Instructions to follow
Find the line with "2 piece SHEIN workwear blouse + ankle pant" in the entries below. Repeat it, every following line, and the line with "Picture of Holbein", exactly and with nothing added.

Data for processing
□ □ □ □ □
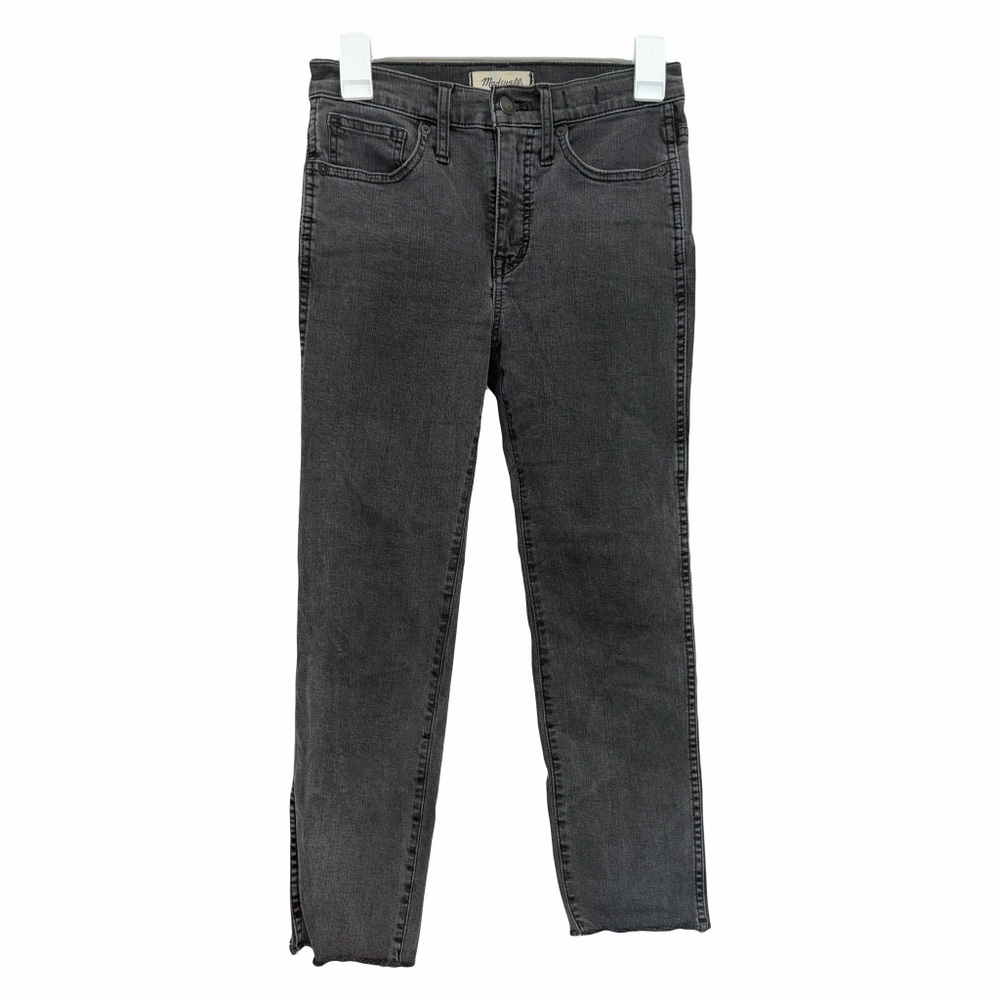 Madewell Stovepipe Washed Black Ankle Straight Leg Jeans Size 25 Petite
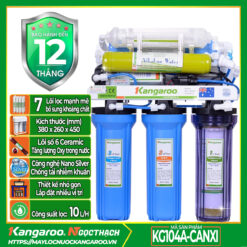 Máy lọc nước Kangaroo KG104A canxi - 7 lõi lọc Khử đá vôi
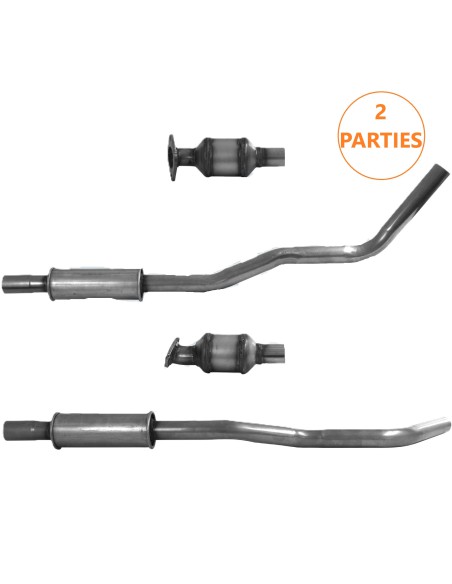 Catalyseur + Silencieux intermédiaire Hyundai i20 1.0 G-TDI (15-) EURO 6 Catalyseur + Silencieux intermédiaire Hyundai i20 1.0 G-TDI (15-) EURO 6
□ □ □ □ □
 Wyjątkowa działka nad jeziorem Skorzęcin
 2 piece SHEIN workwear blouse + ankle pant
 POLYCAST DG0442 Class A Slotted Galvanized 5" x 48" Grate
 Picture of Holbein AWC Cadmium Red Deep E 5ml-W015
□ □ □ □ □
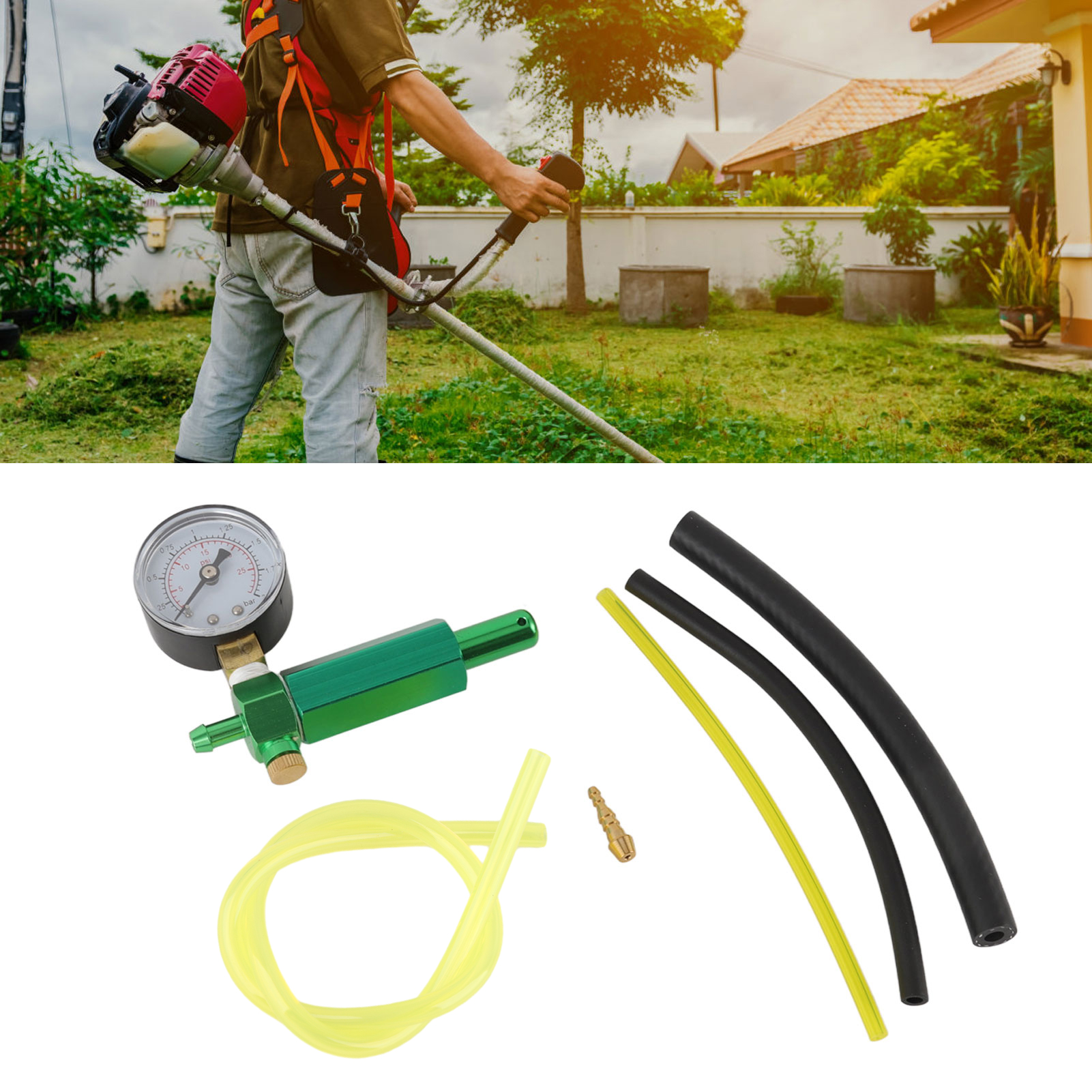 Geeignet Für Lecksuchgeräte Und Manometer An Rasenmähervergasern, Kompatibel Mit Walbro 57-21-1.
□ □ □ □ □
Written solution
 2 piece SHEIN workwear blouse + ankle pant
 POLYCAST DG0442 Class A Slotted Galvanized 5" x 48" Grate
 Picture of Holbein AWC Cadmium Red Deep E 5ml-W015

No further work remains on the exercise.